OpenAI
Installation
You need to install the openai
library to be able to use the OpenAI API in Outlines. Install all optional dependencies of the OpenAI
model with: pip install outlines[openai]
.
You also need to have an OpenAI API key. This API key must either be set as an environment variable called OPENAI_API_KEY
or be provided to the openai.OpenAI
class when instantiating it.
Model Initialization
To create an OpenAI model instance, you can use the from_openai
function. It takes 2 arguments:
client
: anopenai.OpenAI
oropenai.AzureOpenAI
instancemodel_name
: the name of the model you want to use
For instance:
import outlines
import openai
# Create the client
client = openai.OpenAI()
# Create the model
model = outlines.from_openai(
client,
"gpt-4o"
)
Check the OpenAI documentation for an up-to-date list of available models. As shown above, you can use Azure OpenAI in Outlines the same way you would use OpenAI, just provide an openai.AzureOpenAI
instance to the Outlines model class.
Text Generation
Once you've created your Outlines OpenAI
model instance, you're all set to generate text with this provider. You can simply call the model with a prompt.
For instance:
import openai
import outlines
# Create the model
model = outlines.from_openai(
openai.OpenAI(),
"gpt-4o"
)
# Call it to generate text
response = model("What's the capital of Latvia?", max_tokens=20)
print(response) # 'Riga'
OpenAI supports streaming and vision inputs.
For instance:
import io
import requests
import PIL
import openai
import outlines
from outlines.templates import Vision
# Create the model
model = outlines.from_openai(
openai.OpenAI(),
"gpt-4o"
)
# Function to get an image
def get_image(url):
r = requests.get(url)
return PIL.Image.open(io.BytesIO(r.content))
# Create the prompt
prompt = Vision("Describe the image", get_image("https://picsum.photos/id/237/400/300"))
# Stream the response
for chunk in model.stream(prompt, max_tokens=50, stop="."):
print(chunk) # 'This...'
Structured Generation
OpenAI provides supports for some forms of structured output: JSON schemas and JSON syntax. To use it, call the model with an output_type
on top of your prompt.
JSON Schema
from typing import List
from pydantic import BaseModel
import openai
import outlines
class Character(BaseModel):
name: str
age: int
skills: List[str]
# Create the model
model = outlines.from_openai(openai.OpenAI(), "gpt-4o")

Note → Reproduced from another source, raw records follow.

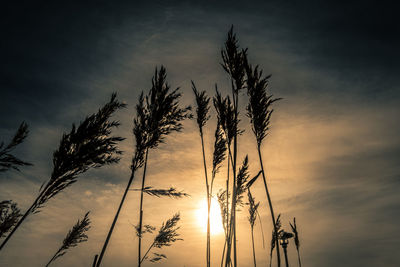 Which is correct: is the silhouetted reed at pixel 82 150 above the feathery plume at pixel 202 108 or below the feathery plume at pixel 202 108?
below

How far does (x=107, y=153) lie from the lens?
249 cm

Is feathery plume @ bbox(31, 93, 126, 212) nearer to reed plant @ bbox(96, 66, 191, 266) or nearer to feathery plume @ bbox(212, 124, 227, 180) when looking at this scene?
reed plant @ bbox(96, 66, 191, 266)

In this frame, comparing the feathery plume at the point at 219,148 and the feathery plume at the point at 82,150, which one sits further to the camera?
the feathery plume at the point at 219,148

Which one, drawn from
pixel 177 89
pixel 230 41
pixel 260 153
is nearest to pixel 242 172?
pixel 260 153

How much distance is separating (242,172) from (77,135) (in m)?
2.51

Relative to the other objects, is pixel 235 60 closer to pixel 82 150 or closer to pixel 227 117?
pixel 227 117

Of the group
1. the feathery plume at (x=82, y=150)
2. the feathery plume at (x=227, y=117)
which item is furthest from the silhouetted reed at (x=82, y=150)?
the feathery plume at (x=227, y=117)

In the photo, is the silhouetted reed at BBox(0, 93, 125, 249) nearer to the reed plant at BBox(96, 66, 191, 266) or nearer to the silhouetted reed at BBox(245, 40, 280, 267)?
the reed plant at BBox(96, 66, 191, 266)

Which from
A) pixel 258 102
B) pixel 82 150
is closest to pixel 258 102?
pixel 258 102

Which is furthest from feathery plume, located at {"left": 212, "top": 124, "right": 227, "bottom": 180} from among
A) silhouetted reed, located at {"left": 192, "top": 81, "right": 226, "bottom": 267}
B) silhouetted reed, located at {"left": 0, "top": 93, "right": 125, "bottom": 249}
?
silhouetted reed, located at {"left": 0, "top": 93, "right": 125, "bottom": 249}

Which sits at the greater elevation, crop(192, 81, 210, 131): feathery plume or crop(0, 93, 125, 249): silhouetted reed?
crop(192, 81, 210, 131): feathery plume

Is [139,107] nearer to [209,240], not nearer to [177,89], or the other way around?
[177,89]

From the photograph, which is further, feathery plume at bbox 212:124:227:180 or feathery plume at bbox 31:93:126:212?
feathery plume at bbox 212:124:227:180

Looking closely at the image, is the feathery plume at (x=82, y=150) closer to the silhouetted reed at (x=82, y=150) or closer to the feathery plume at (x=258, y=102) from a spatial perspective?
the silhouetted reed at (x=82, y=150) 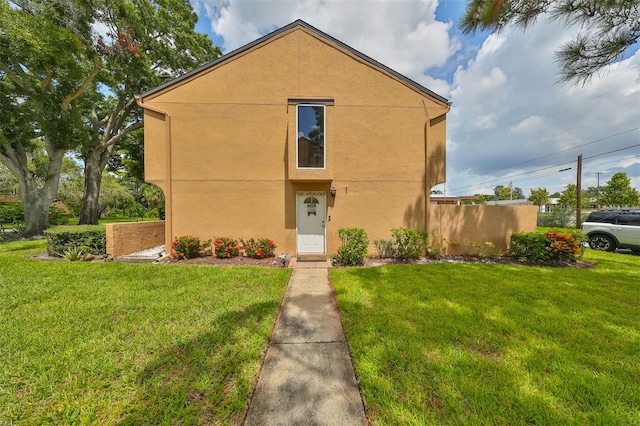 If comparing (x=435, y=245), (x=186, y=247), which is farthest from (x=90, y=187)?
(x=435, y=245)

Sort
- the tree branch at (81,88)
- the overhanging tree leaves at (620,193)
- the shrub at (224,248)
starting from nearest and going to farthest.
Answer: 1. the shrub at (224,248)
2. the tree branch at (81,88)
3. the overhanging tree leaves at (620,193)

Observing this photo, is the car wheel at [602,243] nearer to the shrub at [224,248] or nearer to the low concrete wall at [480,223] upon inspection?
the low concrete wall at [480,223]

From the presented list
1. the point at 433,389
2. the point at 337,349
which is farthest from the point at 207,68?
the point at 433,389

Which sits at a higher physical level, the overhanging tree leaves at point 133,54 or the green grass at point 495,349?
the overhanging tree leaves at point 133,54

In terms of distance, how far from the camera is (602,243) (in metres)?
9.46

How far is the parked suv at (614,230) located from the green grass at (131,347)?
1344cm

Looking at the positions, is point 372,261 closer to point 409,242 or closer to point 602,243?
point 409,242

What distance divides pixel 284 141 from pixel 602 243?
1382 cm

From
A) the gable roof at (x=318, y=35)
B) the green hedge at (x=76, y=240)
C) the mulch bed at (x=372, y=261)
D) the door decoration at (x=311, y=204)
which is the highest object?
the gable roof at (x=318, y=35)

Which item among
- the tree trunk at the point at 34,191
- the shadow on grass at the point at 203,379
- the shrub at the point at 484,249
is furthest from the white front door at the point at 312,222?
the tree trunk at the point at 34,191

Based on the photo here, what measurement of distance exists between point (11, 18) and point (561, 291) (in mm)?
18553

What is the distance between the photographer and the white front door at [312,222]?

# Call it with the output type to generate structured text
result = model("Create a character, use the json format.", Character, top_p=0.1)
print(result) # '{"name": "Evelyn", "age": 34, "skills": ["archery", "stealth", "alchemy"]}'
print(Character.model_validate_json(result)) # name=Evelyn, age=34, skills=['archery', 'stealth', 'alchemy']
JSON Syntax
What we mean by JSON syntax is what is sometimes called JSON mode, meaning that the model will return a valid JSON, but you do not get to specify its structure. To use this JSON mode, provide the dict
type as an output type.
import openai
import outlines
# Create the model
model = outlines.from_openai(openai.OpenAI(), "gpt-4o")
# Call it with the output type to generate structured text
result = model("Create a character, use the json format.", dict, temperature=0.5)
print(result) # '{"first_name": "Henri", "last_name": "Smith", "height": "170"}'
Inference arguments
When calling the model, you can provide keyword arguments that will be passed down to the chat.completions.create
method of the OpenAI client. Some of the most common arguments include max_tokens
, temperature
, stop
and top_p
.
Another keyword argument of interest is n
. If set with an integer value superior to 1, OpenAI will generate several sample responses and you will receive a list of strings as a response to your model call.
See the OpenAI API documentation for the full list of available arguments.